◆ **REQUIRED WORK**:
Every line of the listing must be reproduced as it stands. Leave the images behind.

◆ **AVAILABLE DATA**:
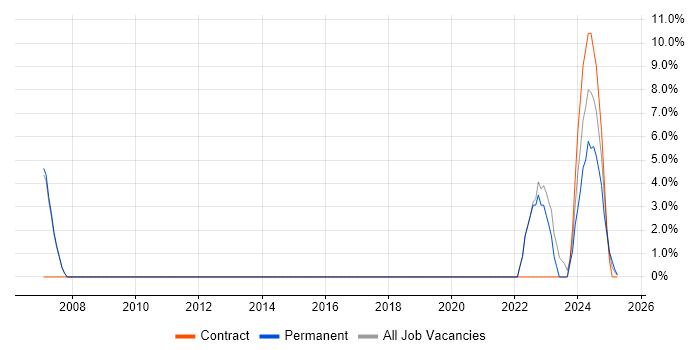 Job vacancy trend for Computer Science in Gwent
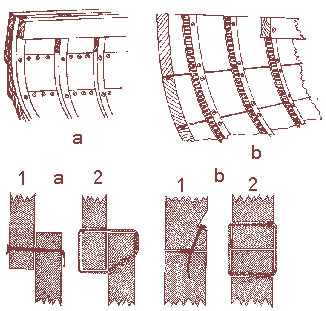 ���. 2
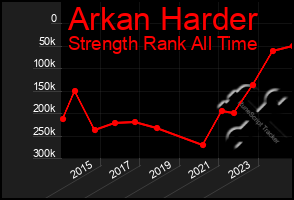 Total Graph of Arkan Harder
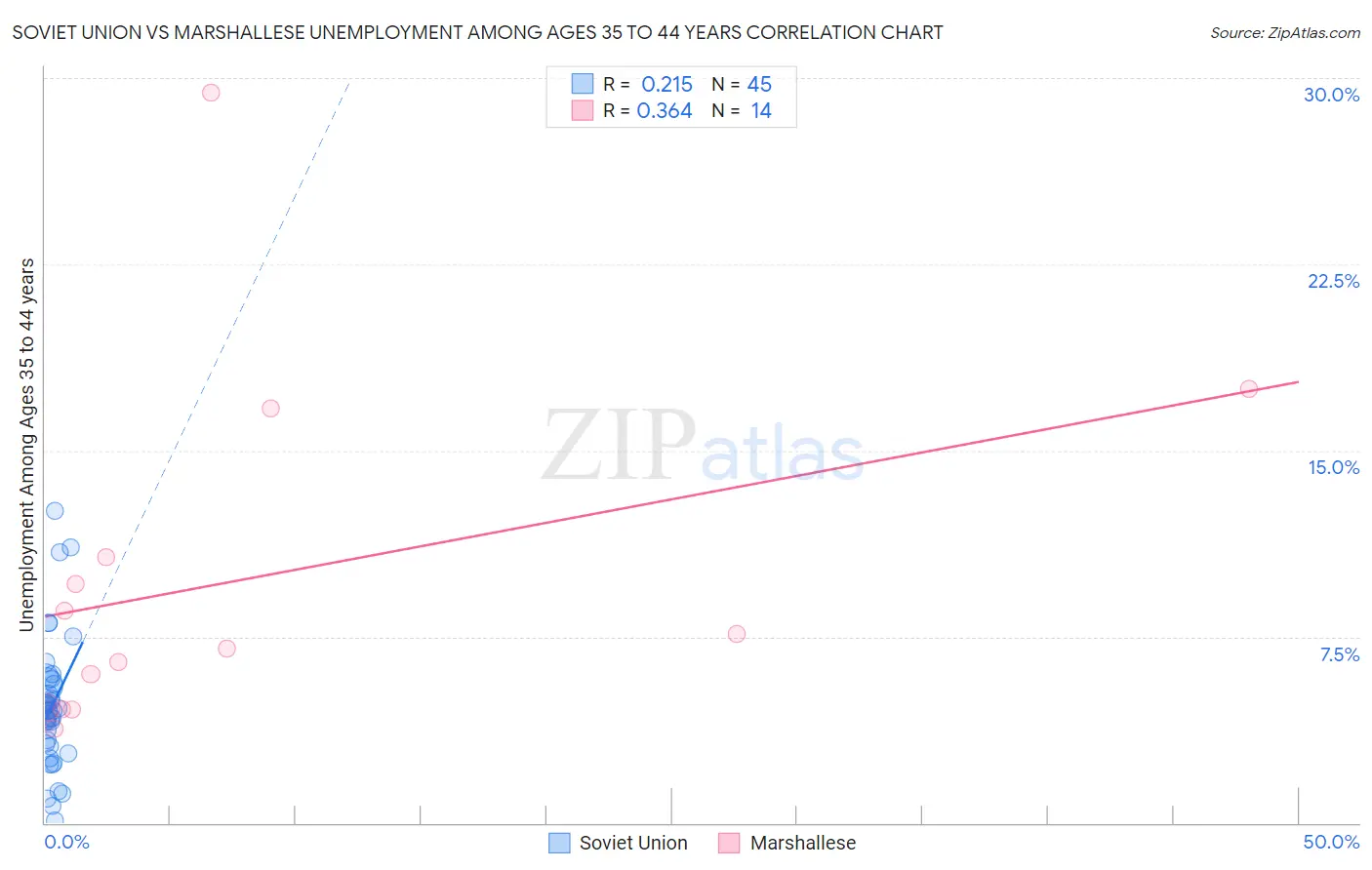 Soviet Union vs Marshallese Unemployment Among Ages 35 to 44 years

◆ **OUTPUT OF THE EXERCISE**:
 Job vacancy trend for Computer Science in Gwent
 ���. 2
 Total Graph of Arkan Harder
 Soviet Union vs Marshallese Unemployment Among Ages 35 to 44 years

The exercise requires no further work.